Archiwum Polityki

Mistrz i Elżbieta

Jest fenomenem polskiej kultury – pisał o Krzysztofie Pendereckim krytyk Andrzej Chopecki. „Artystowski wrażliwiec, który potrafi odrzucić skrupuły, gdy mu przeszkadzają. (...) Estetyczny hazardzista o instynkcie jakby z piekła rodem”.

Urodził się w 1933 r. Jego babka była Ormianką, dziadek Niemcem i człowiekiem szalenie systematycznym. Penderecki przyznaje, że swoje poczucie formy zawdzięcza właśnie jemu. Jako dziecko nie przejawiał podobno żadnych niezwykłych zdolności, a muzyką poważną zainteresował się dość przypadkowo. Gdy miał 15 lat, szkolna koleżanka podarowała mu na imieniny sonaty solowe Bacha.

Studia kompozytorskie rozpoczął w Krakowie w 1954 r. Kończył je ze świadomością, że nie dały mu one zbyt wiele. Twórcze początki były trudne, bo nie miał warunków do pisania. Komponował w Jamie Michalika i nawet wymyślił specjalny zapis, aby partytura mieściła się na kawiarnianym stoliku. Rozgłos i opinie o jego talencie pojawiły się nagle w 1959 r., gdy Penderecki postanowił wziąć udział w II Konkursie Młodych Kompozytorów. Miał trzy gotowe utwory i wysłał je trzema osobnymi przesyłkami, opatrzonymi różnymi godłami. Zdobył pierwszą i dwie równorzędne drugie nagrody, co wywołało sensację. Dzięki temu sukcesowi mógł po raz pierwszy wyjechać na Zachód.

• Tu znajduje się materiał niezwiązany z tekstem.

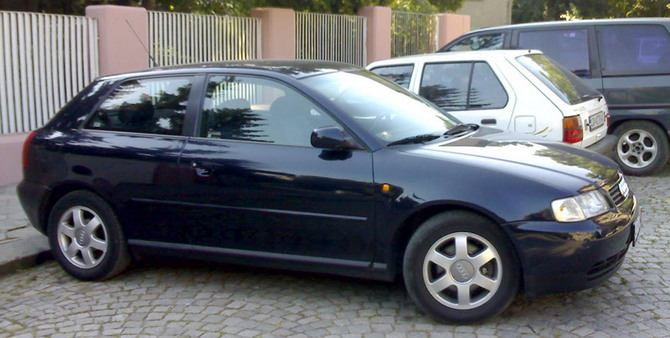 Audi A3 1.8T Audi A3 1.8T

W końcu lat 50. oraz w latach 60. stanął Penderecki w rzędzie najwybitniejszych twórców awangardy. Mimo że swoją muzyką szokował, jego muzyczne eksperymenty słuchacze przyjmowali entuzjastycznie. Na szczyty wyniosła go półtoragodzinna Pasja według św. Łukasza (1965). Po niej kompozytor odszedł od założeń awangardy i zaczął nawiązywać do tradycji postromantycznej. Dziś, zdaniem krytyków, oferuje współczesność oswojoną, odwołującą się do tradycyjnych przyzwyczajeń estetycznych.

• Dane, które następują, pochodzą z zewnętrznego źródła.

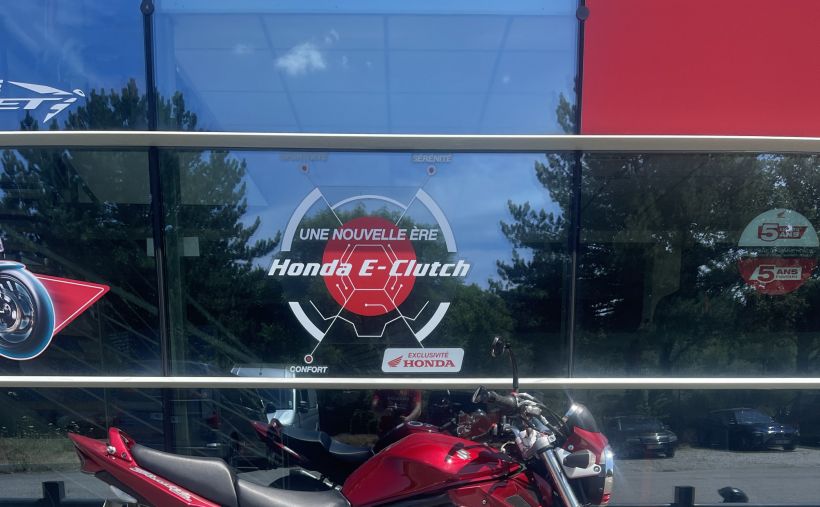 SUZUKI GSF 1250 N BANDIT 1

W 1965 r. ożenił się po raz drugi. Znacznie młodsza od niego żona Elżbieta, krakowianka, studiowała fizykę na Uniwersytecie Jagiellońskim. Jak mówi, ich pierwsze wspólne mieszkanie na trzecim piętrze domu w Dębicy zmieściłoby się w salonie dworku, w którym mieszkają dzisiaj.